= What this task involves =
Without the pictures, set down everything in the listing exactly.

= Raw data =

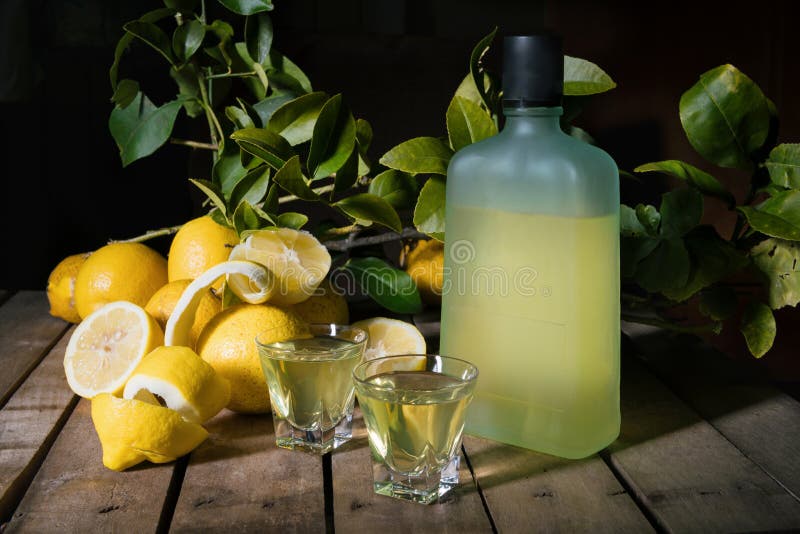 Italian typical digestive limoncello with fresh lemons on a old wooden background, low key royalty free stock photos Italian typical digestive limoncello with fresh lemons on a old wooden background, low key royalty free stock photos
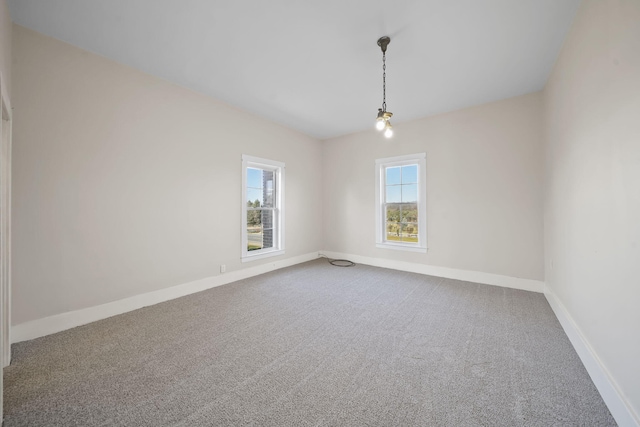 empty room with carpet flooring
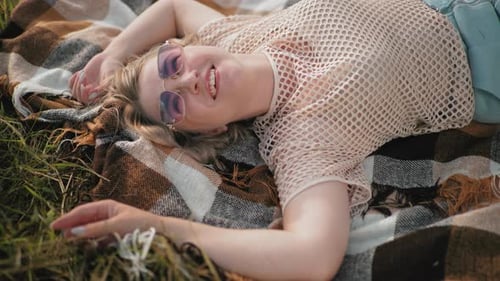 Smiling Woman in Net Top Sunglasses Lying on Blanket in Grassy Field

= Output for this task =
 Italian typical digestive limoncello with fresh lemons on a old wooden background, low key royalty free stock photos Italian typical digestive limoncello with fresh lemons on a old wooden background, low key royalty free stock photos
 empty room with carpet flooring
 Smiling Woman in Net Top Sunglasses Lying on Blanket in Grassy Field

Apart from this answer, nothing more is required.